WHAT IS NEEDED> Please give back the listing below in full. Change nothing.

RECORDS FOR THIS TASK>
================
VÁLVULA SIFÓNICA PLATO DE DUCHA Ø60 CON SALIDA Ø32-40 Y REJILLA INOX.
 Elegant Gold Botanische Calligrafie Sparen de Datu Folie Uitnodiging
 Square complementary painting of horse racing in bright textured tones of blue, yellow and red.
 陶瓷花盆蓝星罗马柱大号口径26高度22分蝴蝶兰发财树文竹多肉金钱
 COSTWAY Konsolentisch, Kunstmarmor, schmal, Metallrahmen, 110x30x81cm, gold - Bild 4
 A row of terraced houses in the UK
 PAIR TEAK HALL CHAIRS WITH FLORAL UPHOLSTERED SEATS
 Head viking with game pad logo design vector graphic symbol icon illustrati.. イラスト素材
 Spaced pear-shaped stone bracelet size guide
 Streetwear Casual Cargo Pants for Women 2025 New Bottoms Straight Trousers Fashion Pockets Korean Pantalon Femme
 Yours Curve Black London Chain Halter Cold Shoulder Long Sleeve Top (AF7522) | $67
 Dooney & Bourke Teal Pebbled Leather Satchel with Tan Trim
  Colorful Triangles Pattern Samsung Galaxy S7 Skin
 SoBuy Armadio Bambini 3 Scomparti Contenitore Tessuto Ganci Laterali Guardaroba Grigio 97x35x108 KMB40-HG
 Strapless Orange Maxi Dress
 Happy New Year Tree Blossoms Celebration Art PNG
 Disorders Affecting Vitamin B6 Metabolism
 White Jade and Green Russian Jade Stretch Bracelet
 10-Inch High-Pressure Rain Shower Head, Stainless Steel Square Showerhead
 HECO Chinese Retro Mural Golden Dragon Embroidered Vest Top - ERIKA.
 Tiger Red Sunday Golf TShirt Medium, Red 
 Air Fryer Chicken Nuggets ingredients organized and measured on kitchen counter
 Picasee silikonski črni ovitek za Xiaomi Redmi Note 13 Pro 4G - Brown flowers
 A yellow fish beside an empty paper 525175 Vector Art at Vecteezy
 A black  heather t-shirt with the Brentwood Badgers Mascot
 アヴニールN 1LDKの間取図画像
================
WRITTEN SOLUTION>
VÁLVULA SIFÓNICA PLATO DE DUCHA Ø60 CON SALIDA Ø32-40 Y REJILLA INOX.
 Elegant Gold Botanische Calligrafie Sparen de Datu Folie Uitnodiging
 Square complementary painting of horse racing in bright textured tones of blue, yellow and red.
 陶瓷花盆蓝星罗马柱大号口径26高度22分蝴蝶兰发财树文竹多肉金钱
 COSTWAY Konsolentisch, Kunstmarmor, schmal, Metallrahmen, 110x30x81cm, gold - Bild 4
 A row of terraced houses in the UK
 PAIR TEAK HALL CHAIRS WITH FLORAL UPHOLSTERED SEATS
 Head viking with game pad logo design vector graphic symbol icon illustrati.. イラスト素材
 Spaced pear-shaped stone bracelet size guide
 Streetwear Casual Cargo Pants for Women 2025 New Bottoms Straight Trousers Fashion Pockets Korean Pantalon Femme
 Yours Curve Black London Chain Halter Cold Shoulder Long Sleeve Top (AF7522) | $67
 Dooney & Bourke Teal Pebbled Leather Satchel with Tan Trim
  Colorful Triangles Pattern Samsung Galaxy S7 Skin
 SoBuy Armadio Bambini 3 Scomparti Contenitore Tessuto Ganci Laterali Guardaroba Grigio 97x35x108 KMB40-HG
 Strapless Orange Maxi Dress
 Happy New Year Tree Blossoms Celebration Art PNG
 Disorders Affecting Vitamin B6 Metabolism
 White Jade and Green Russian Jade Stretch Bracelet
 10-Inch High-Pressure Rain Shower Head, Stainless Steel Square Showerhead
 HECO Chinese Retro Mural Golden Dragon Embroidered Vest Top - ERIKA.
 Tiger Red Sunday Golf TShirt Medium, Red 
 Air Fryer Chicken Nuggets ingredients organized and measured on kitchen counter
 Picasee silikonski črni ovitek za Xiaomi Redmi Note 13 Pro 4G - Brown flowers
 A yellow fish beside an empty paper 525175 Vector Art at Vecteezy
 A black  heather t-shirt with the Brentwood Badgers Mascot
 アヴニールN 1LDKの間取図画像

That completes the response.